In truth, it’s hard to think of a worthwhile solution that is not merely a slight adaption of existing cover. For example, legalities permitting, a group income protection facility could be tweaked to pay for annual leave as you go along or employers could simply top up their existing scheme to pay for the extra liability. Zurich Corporate Risk has calculated that the cost of an employer having to pay for 28 days holiday a year is approximately equivalent to an extra 2 per cent of benefit.
In addition to capital options offering a solution for dealing with sizeable backdated liabilities, short-term benefit periods without capital options can help reduce liabilities as long as contracts of employment are terminated at the end of the benefit period – because holiday pay will not be accrued once employment has ceased. It should, however, be stressed that employers need to take into account all aspects of employment law before terminating employment.
Pay direct policies, which enable benefits to be paid to claimants right up to retirement date after they have been removed from the payroll, could also appeal for the same reason. Unum in fact already reports a 20 per cent increase in pay direct quotes for new business but acknowledges that there is little interest in switching existing schemes to this format as, depending on the contract of employment, doing so may well involve having to consult with the workforce.
A further option is simply to selfinsure against a potential holiday pay liability, and this is certainly something that intermediaries should be mentioning to clients who feel that the law is not yet clear enough for them to be considering altering their income protection arrangements.
John Gillman, an independent healthcare consultant who advises the Income Protection Task Force on group risk issues, says: “Employers should be looking at what their risk exposure is and therefore examining current long-term absence cases in terms of their potential risk and starting to put a cost on the worst case scenario.
They can then decide whether they can afford to self-insure and, if not, take out increased group income protection cover.”

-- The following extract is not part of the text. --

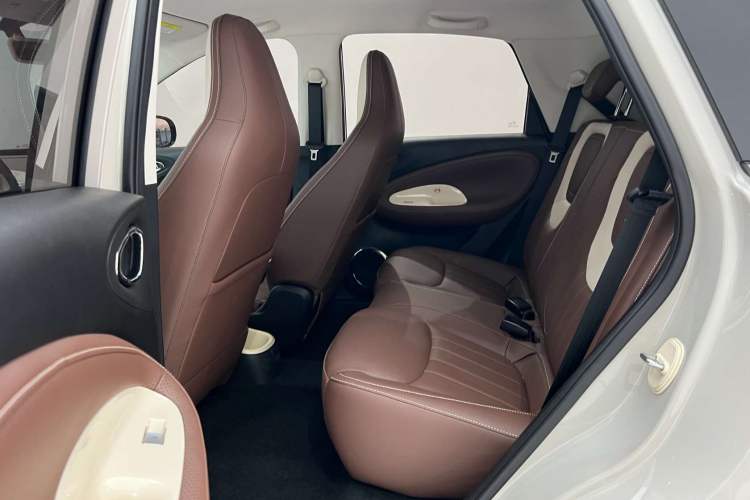 Used Wuling Bingo 2025 333 km Enjoyment Version Interior 7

Intermediaries should also be looking to use the current uncertainty as a positive advert for group income protection on the grounds that the rehabilitation and early intervention facilities provided by insurers can go a long way towards avoiding liabilities by reducing the chances of long-term absence occurring in the first place.
Additionally, they should ensure that clients are actually aware of the legal developments in the holiday pay area. Worryingly, recent research by industry body Group Risk Development (GRiD) has indicated that a quarter of employers are still not aware that employees on sick leave can take any unused statutory holiday on return to work or receive payment in lieu if they leave the company.
GRiD spokesperson Katharine Moxham says “This clearly indicates that there is considerable scope for advisors to play a pivotal role in encouraging employers to revisit sickness, absence and holiday policy and to consider the merits of group income protection provision, especially given the current competitiveness of the market.
Where an income protection scheme is already in place it is important for advisers to work with their client and provider to arrive at a solution that best meets their clients’ particular needs. Recording and managing sickness absence is now more important than ever as failure to do so could result in unknown liabilities.”
Whilst these points should certainly be taken on board, it is also important for advisers to keep the holiday pay issue in proportion. Whilst it may warrant issuing an e-bulletin or being mentioned at client meetings that are taking place for other reasons, many experts would question whether it constitutes sufficient grounds in itself for arranging a client meeting.